The Northern Raqqa offensive was a 2016 military offensive launched by the Kurdish-led Syrian Democratic Forces against the Islamic State of Iraq and the Levant in northern Raqqa Governorate, in order to prepare for a future attack on the city of Raqqa. The offensive was launched in coordination with airstrikes by the US-led Combined Joint Task Force – Operation Inherent Resolve.
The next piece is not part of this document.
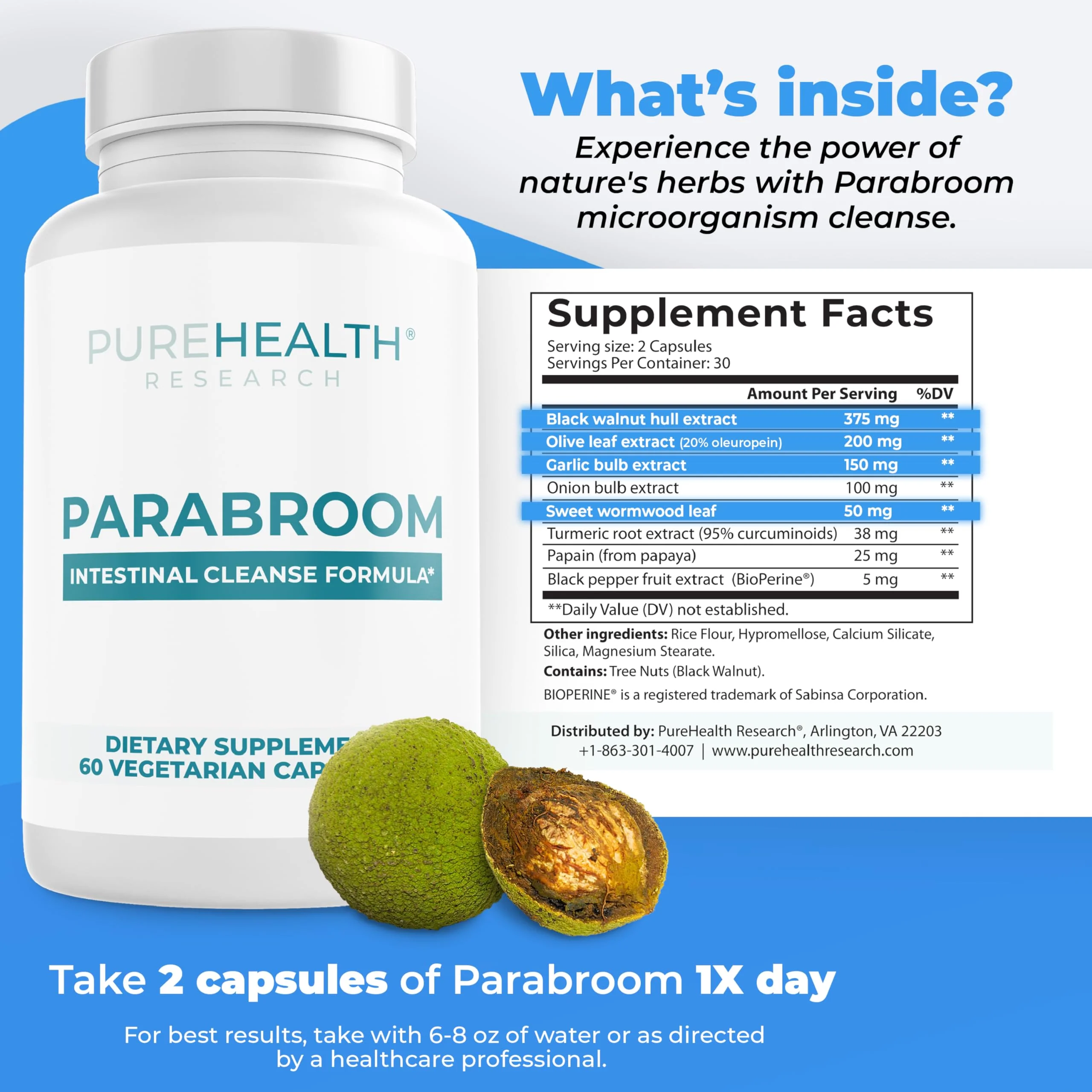 PUREHEALTH RESEARCH Parabroom – Gut Cleanse & Digestive Support – 60 Capsules - Image 2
After 30 May, the offensive stalled, as the SDF shifted its focus and resources to another operation in the northern Aleppo Province.

== Background ==
On 1 April 2016, Democratic Union Party (PYD) leader Salih Muslim stated that Syrian Democratic Forces (SDF) forces were preparing with the US-led coalition to launch an offensive on Raqqa.

U.S. Central Command Commander General Joseph L. Votel, the highest-ranking U.S. military official to visit Syria since the war erupted in 2011, came to Northern Syria in May 2016.

Kurdish forces established a stronghold about 37 kilometers (23 miles) north of Raqqa. ISIL reportedly used the residents of Raqqa as human shields, preventing them from leaving the city.

According to Joshua Walker of the German Marshall Fund, Raqqa could be "the beginning of the end" for ISIL, and the most important offensive since Kobani in 2015.

== Preparations ==
On 20 May the US-led coalition dropped leaflets on the city, encouraging the residents to leave.

The SDF is led and dominated by YPG forces, which generally consist of Kurds. To avoid ethnic tensions with Raqqa's majority Arab population, US special forces trained more than 200 Arab fighters to take part in the offensive.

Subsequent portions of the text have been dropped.